In 2022, the FHA began allowing first-time homebuyers to use their positive rental payment history to help them qualify for FHA mortgages. With the latest changes, credit history will no longer just include credit cards and loans, but also rent payments and, potentially, cryptocurrency assets.
These changes come at a time when the typical U.S. household needs to spend 44.6% of their income to afford a median-priced home, exceeding the recommended 30% threshold. The FHFA's new initiatives are set to make homeownership more affordable and accessible, potentially shifting the U.S. real estate market in the coming months.
[1] Federal Housing Finance Agency Press Release, "FHFA Announces New Policy to Allow Use of Rent Payment History in Credit Evaluations", (2023) [2] VantageScore Solutions, "VantageScore 4.0: The Future of Credit Scoring", (2022) [3] Fannie Mae, "Fannie Mae to Incorporate Rental Payment History into Underwriting Process", (2023) [4] Freddie Mac, "Freddie Mac to Use VantageScore 4.0 for Mortgage Loan Risk Assessments", (2023)
- With the new FHFA policy, mortgage lenders can now consider on-time rent payments when evaluating creditworthiness, potentially improving individuals' chances of qualifying for a mortgage.

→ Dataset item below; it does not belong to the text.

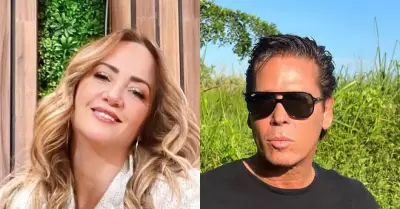 Andrea Legarreta y Roberto Palazuelos.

- Fannie Mae and Freddie Mac, which back nearly half of all U.S. mortgages, will use the VantageScore 4.0 model, which can incorporate alternative data, to assess credit risk and creditworthiness.
- Fannie Mae is expected to start using rental payment history in their underwriting process from September 18, using asset verification technology to track consistent rental payments.
- Incorporating rental payment history into mortgage underwriting could expand access to homeownership for younger homebuyers and individuals with thin credit files.
- If the housing regulator expands the policy to include non-FHA mortgages or repeat buyers, it could be a game-changer, according to Pending CEO Noel Roberts.
- With the FHFA's new initiatives, individuals' monthly rent payments can now help them build equity, making homeownership a more achievable goal for many, contributing to long-term financial health and generational wealth.